# Cute Baby - new "true blue" seamless



## twocolor (Nov 3, 2009)

Such a cute little guy!  Stunning brown eyes!
1.






2.  Used an action on this one - Baby Soft





3.





4.





5.





6.




cc always welcome!!!


----------



## Christie Photo (Nov 3, 2009)

Oooo...  I like 3 and 4.   I might crop in a bit.  Will you take out the secondary catch lights?

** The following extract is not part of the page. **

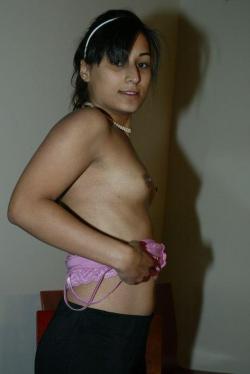 A nice turkish amateur girl  350/400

Your lighting keeps getting better and better.  You really nailed it here.

-Pete


----------



## Derrel (Nov 3, 2009)

Cute little fellow, and a cute set. I'm just wondering why your shadows seem so light and open, when there's such a large and clear shadow showing from your main light. Are you lightening the images up substantially in post processing to lift the shadow values up? This is most clearly visible in shots 3,4,and 5. I really liked the look of the skin tones in the second shot--they seem more natural, whereas the others make the boy's skin look a bit oversaturated and less "real".


----------



## NateS (Nov 3, 2009)

Great photos and I agree.....nailed the lighting.  I really like most of the poses too and really like the "soft" processing on #2.


----------



## Herro (Nov 3, 2009)

2 is awesome. the rest are okay.


----------



## EJBPhoto (Nov 5, 2009)

Very nice set.  Nice color -that's a tricky color to work on. I can't cc lighting since I know nothing about studio work, but composition in the last one looks off.  Either put more space on the left since he's facing that way, or if you miss it in camera, crop in more for the final image.

Good work!


----------